All lines from the one containing "Após 20 dias" to the end of the listing below should be output exactly; omit the pictures.

* _Dataset extract_:
- - - -

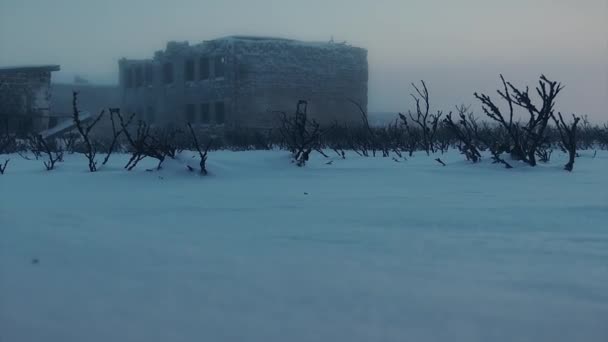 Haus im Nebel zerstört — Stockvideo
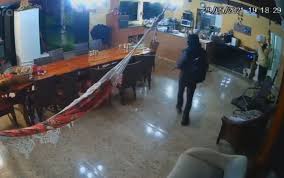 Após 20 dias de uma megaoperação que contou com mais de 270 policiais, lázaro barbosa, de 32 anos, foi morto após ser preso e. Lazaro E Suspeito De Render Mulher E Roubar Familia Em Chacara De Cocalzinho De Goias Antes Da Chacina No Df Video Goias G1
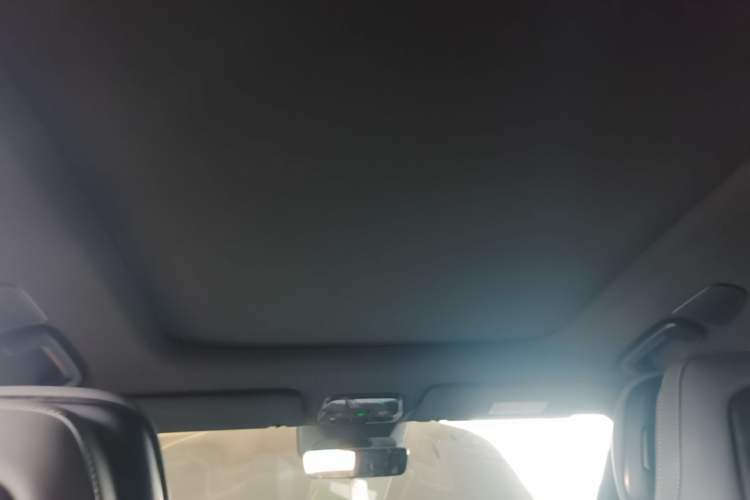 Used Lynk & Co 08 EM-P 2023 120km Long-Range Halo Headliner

- - - -

* _Expected answer_:
 Após 20 dias de uma megaoperação que contou com mais de 270 policiais, lázaro barbosa, de 32 anos, foi morto após ser preso e. Lazaro E Suspeito De Render Mulher E Roubar Familia Em Chacara De Cocalzinho De Goias Antes Da Chacina No Df Video Goias G1
 Used Lynk & Co 08 EM-P 2023 120km Long-Range Halo Headliner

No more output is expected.